On 18 November 2014, Advocate General Yves Bot released his Opinion in which he suggested the Court of Justice dismiss Spain’s claims. The two Regulations are part of the Unitary Patent Package, along with the Agreement on a Unified Patent Court and Statute that was signed by 25 Member States on 19 February 2013.

In response to Spain’s actions, Advocate General Yves Bot argued:

  • On the breach of the values of the rule of law in so far as a regulation has been established on the basis of a right granted by the European Patent Office, whose acts are not subject to judicial review.  

The new regime offers uniform protection with equal effect for all participating Member States. The aforementioned regulations alter neither the application and examination process of the European patent nor its granting formalities. The EPC’s system remains unchanged. Regulation 1257/2012 simply supplements the European patent system by adding the possibility for applicants to elect for a unitary effect.

  • On the lack of legal basis and alternatively breach of Article 118 of the Treaty on the Functioning of the European Union (TFEU).  

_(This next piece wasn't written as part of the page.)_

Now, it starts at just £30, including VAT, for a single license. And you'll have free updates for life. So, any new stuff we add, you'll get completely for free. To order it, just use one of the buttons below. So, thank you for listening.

Article 118 of the TFEU does not compel the European Parliament and Council to harmonize every aspect of intellectual property law. According to the Advocate General, the EU legislative body elected to refer to national laws, ensuring uniform protection by stating each European patent would be subject to the domestic law of one Member State, and this same national law would apply throughout the territory of the Member States as part of the enhanced cooperation project. 

  • On the misuse of power through the use of enhanced cooperation.  

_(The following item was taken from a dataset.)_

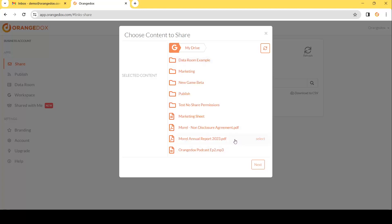We'll go ahead and choose from our demo company called Morale their annual report. It's a highly confidential report that we only want to make sure the intended recipients can view and no one else.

Spain argues that European Parliament and Council have committed a misuse of powers, since Regulation No 1257/2013 does not respect the objective of enhanced cooperation provided in Article 20 of the Treaty on European Union (TEU). According to Spain, the very fact that the effects of the European patent with unitary effect are addressed in the Agreement on a Unified Patent Court is simply a means to avoid the European Union’s law and control.

As explained in the previous paragraph, Article 118 TFEU establishing enhanced cooperation in the field of intellectual property does not prevent the European Legislature from referring to national laws, as long as a uniform protection is organized on the territory of the signatory states.

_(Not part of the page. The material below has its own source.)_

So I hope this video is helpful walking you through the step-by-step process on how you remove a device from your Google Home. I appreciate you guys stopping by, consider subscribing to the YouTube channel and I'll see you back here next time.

  • On the violation of Article 291(2) TFEU and misapplication of the Meroni case law on the delegation of power.

In the Advocate General’s view, Regulation No 1257/2012 confers the power to establish renewal fees of the European unitary patent to the Member States and to determine how to distribute shares of those fees. “The exercise of that power takes place within a legislative framework established and clarified by the EU legislature which does not need to be implemented under uniform conditions in all the Member States.”2

Concerning the violation of the Meroni case law, this decision is not applicable. Indeed, the case law solely relates to the potential for a European institution to delegate some of its powers to an EU or external body rather than conferring those powers to the Council or the Commission. In this case, the Member States confer some powers to the European Patent Office.

  • On the violation of the principle of autonomy and uniformity.

Spain argues that the entry into force of both Regulations cannot depend on the date of entry into force of the Agreement on a Unified Patent Court. 

However, the EU Legislature is of the view that the establishment of this Court is essential to guaranteeing the proper functioning of the unitary patent system and to ensure legal certainty. The Advocate General confirms this view, adding “the objective of the Regulation is to ensure such proper functioning. It would be contrary to such principles to apply the contested Regulation when the Unified Patent Court has not yet been established.”3

The principle of sincere cooperation implies that all participating Member States must take appropriate measures to implement enhanced cooperation. This includes ratifying the Agreement on a Unified Patent Court. Indeed, by refusing to ratify said Agreement, the principle of sincere cooperation would be violated, which would jeopardize the attainment of the Union’s harmonization and uniform protection objectives.

  • On the infringement of the principles of non-discrimination and of legal certainty (plea specific to Regulation No 1260/2012 on the use of languages).  

The Advocate General explains that “the choice of languages pursues a legitimate objective and is appropriate and proportionate to the guarantees and aspects which attenuate its discriminatory effect.”4(…) The Advocate General considers this limitation adequate and appropriate “because it ensures unitary patent protection throughout the territory of the participating Member States whilst enabling a significant reduction in translation costs to be achieved.”5

He also adds that “the principle of legal certainty is undeniably better safeguarded when only one language is authoritative”6 (in the case of the European patent with unitary effect, it will be the language in which the patent is filed). Indeed, if all translations had the same weight, the risk of discrepancies and legal uncertainty would be higher.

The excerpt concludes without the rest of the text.